Cynics may observe that in an election year, a war may well play well for a beleaguered prime minister. However, there are times to divorce foreign affairs from domestic politics and this is one of them. No doubt alive to the ghost of the 1982 Falklands War, but also of the 1956 Suez debacle, Mr Sunak is fully aware that he will be damned by some if he authorises force, but equally shamed if he fails to act. Mr Biden is in a similar quandary. Both have chosen military action as a signal of deterrence to the Houthis, and any other actors in the region, to desist from harassing international maritime trade.

Others complain there has been no (though one is pending) UN Security Council Resolution to provide legal cover for kinetic coalition action. Although one was passed on 10 January demanding an immediate end to the Houthi attacks, it did not deter, and there remains global concern about the effect they are having on shipping routes. Though China is neutral, if still worried about the implications for its maritime trade, Russia may well use its veto in support of its ally, Iran, who provides the moral force and technical expertise behind Yemeni aggression. Yet, this overnight coalition attack was no shoot-from-the-hip operation. Behind the scenes the UK and US governments will have been working hard to devise an appropriate package of force to deliver a strategic effect. It takes time to put the right personnel, ships, planes and munitions in place, conduct the fullest possible reconnaissance and mount 24-7 surveillance. 

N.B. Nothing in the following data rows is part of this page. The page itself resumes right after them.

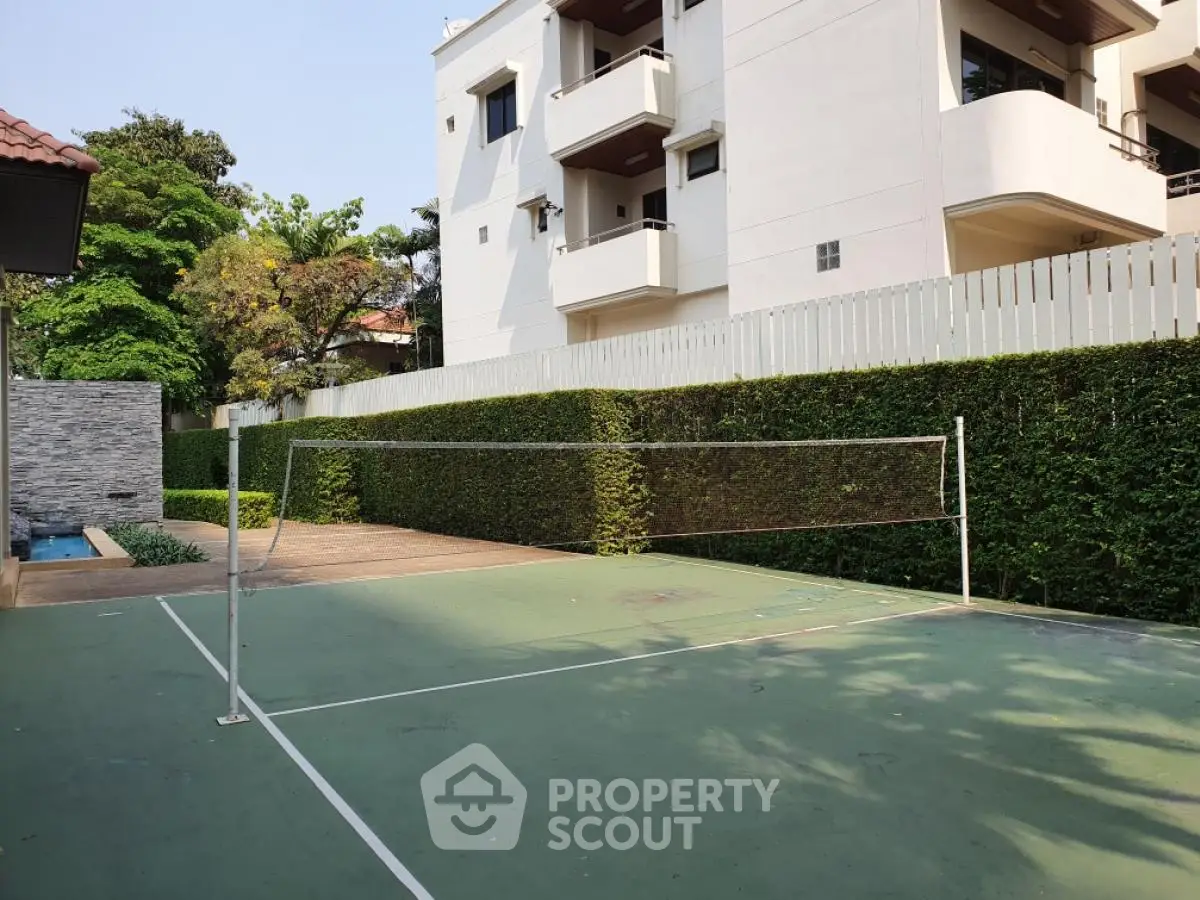 Spacious outdoor badminton court in modern residential complex with lush greenery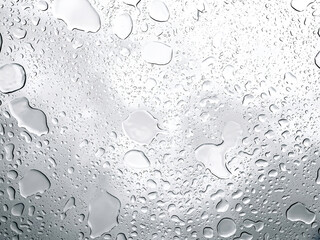 Raindrops on the window close-up, abstract natural background.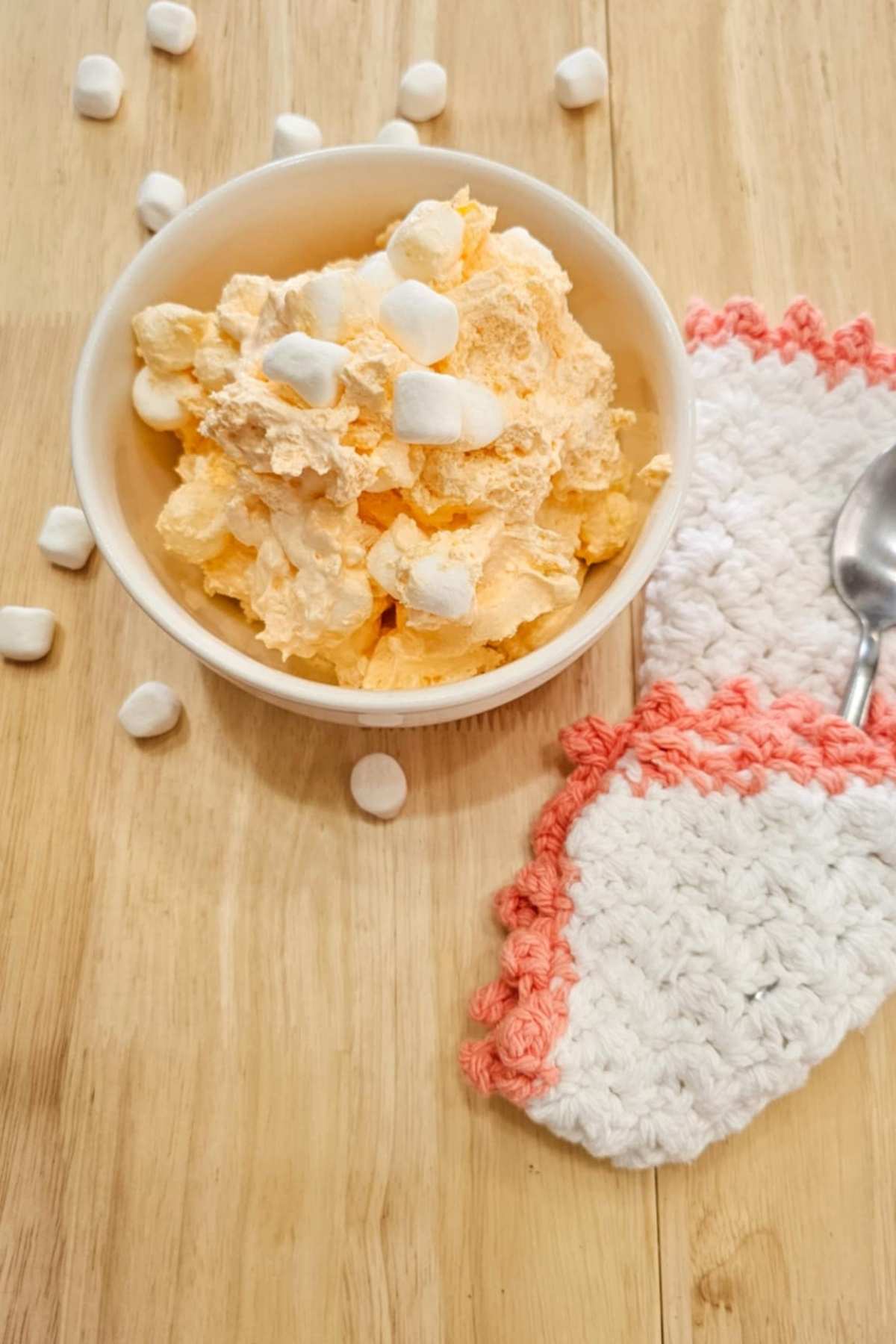 grandmas orange cool whip dessert in a white bowl on a wooden counter top with a white and peach crochet hot pad with a spoon on it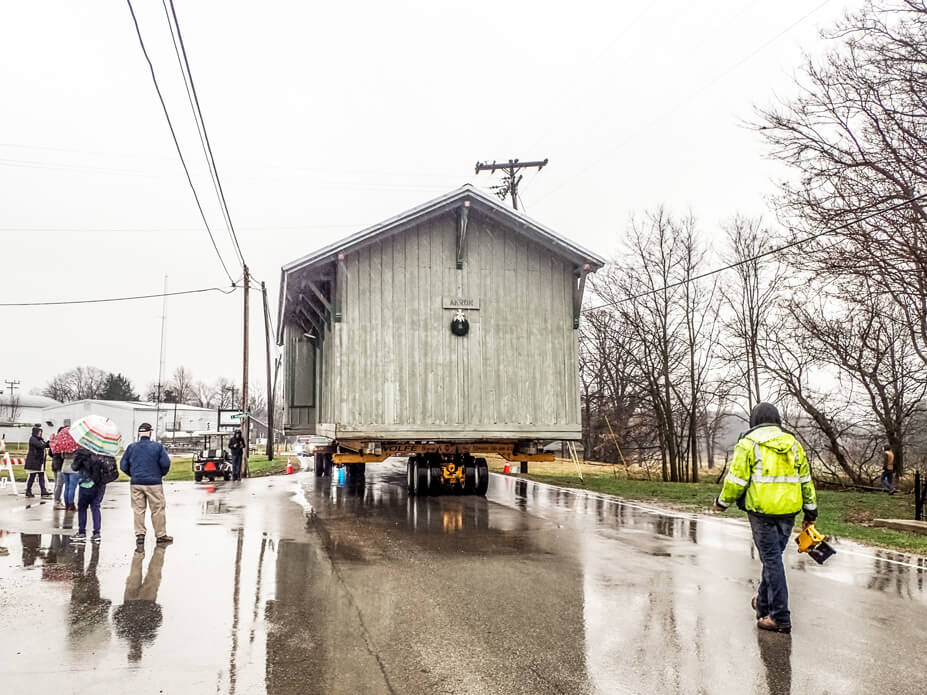 Akron depot travels through town to new location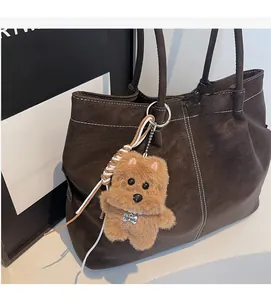 Plush brown dog charm with metal collar on leather tote bag handle detail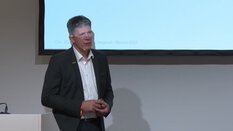 Ein Mann im Anzug hält eine Präsentation. Im Hintergrund ist eine Leinwand mit Text.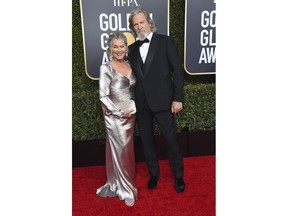 Jeff Bridges, right, and Susan Geston arrive at the 76th annual Golden Globe Awards at the Beverly Hilton Hotel on Sunday, Jan. 6, 2019, in Beverly Hills, Calif.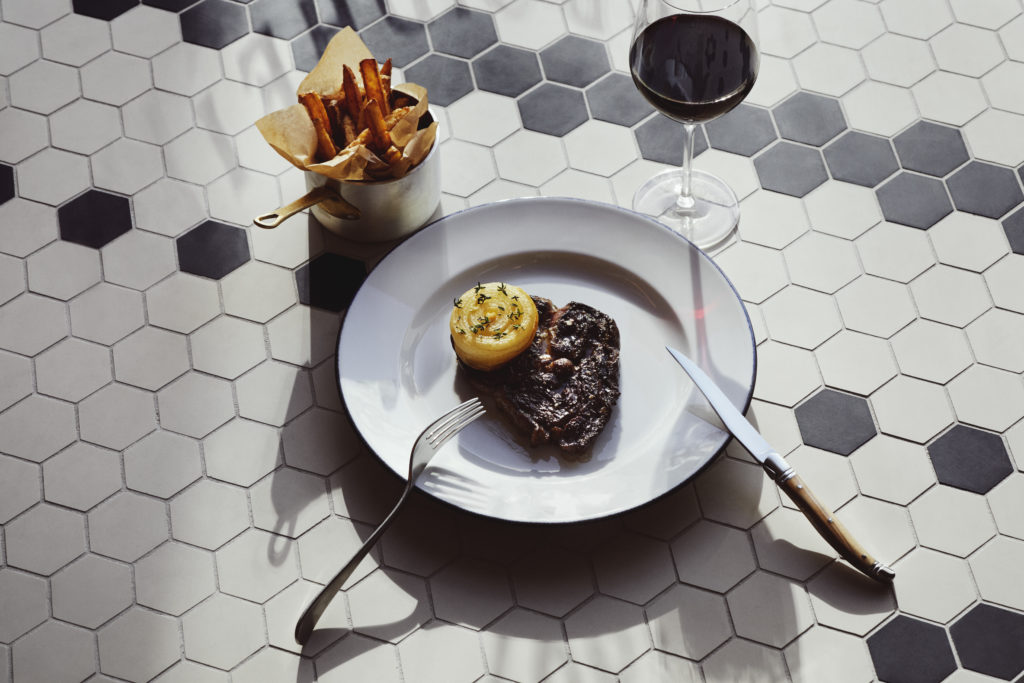 Photo of Entrecôte steak and chips, served at Brasserie Britannia, pictured on tiled floor.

This coalition strike will have inflicted some damage, and caused the Houthi regime to pause before considering its next moves

This coalition strike will have inflicted some damage, and caused the Houthi regime to pause before considering its next moves. The Saudis (who since 2015 led an unsuccessful war against the Houthis) will be nervous that a Houthi/Iranian response may be asymmetric, using sleeper Yemeni operatives to strike Western and Saudi interests within the kingdom itself. Whatever damage has been done was entirely the fault of Houthi intransigence, not international scheming. Predictably Yemen and Iran have claimed otherwise. The attack involved 4 RAF Typhoon FGR4s from No.903 Expeditionary Air Wing based at Akrotiri airbase on Cyprus, supported by Voyager KC3 air tankers, P-8 Poseidon maritime reconnaissance aircraft, probably MQ9 Reaper drones and directed by RC-135W Rivet Joint and Shadow 1 radar-laden planes. Such is the airborne effort required these days to launch precision strikes over the horizon and underlines the value of retaining Akrotiri as an outpost. 

The RAF unleashed Paveway IV laser-guided bombs, while FA/A-18 Super Hornet fighters and a Boeing EA-18G Growler electronic warfare aircraft launched from the USS Eisenhower carrier strike group released other precision guided munitions as well as Tomahawk Cruise Missiles fired from the submarine USS Florida. Vessels from the coalition fleet gave support, meaning logistical help in the form of fuel, or close-in defence against hostile aircraft, submarines and missiles. 

It is the hallmark of healthy democracies that so much information has been released so soon about the coalition forces, including overnight photos of the attacking aircraft proceeding on their missions, and illustrates the necessity and efficacy of alliance-building by friendly nations in difficult times. It also illuminates the perils of furthering UK defence cuts and the need for a massive expansion in military expenditure when faced with unanticipated activity across the globe. At the moment there is no need for any of the many Middle East tensions to merge into an unholy mess. However, it is vital that we continue to be prepared to act early and resolutely to prevent any further escalation.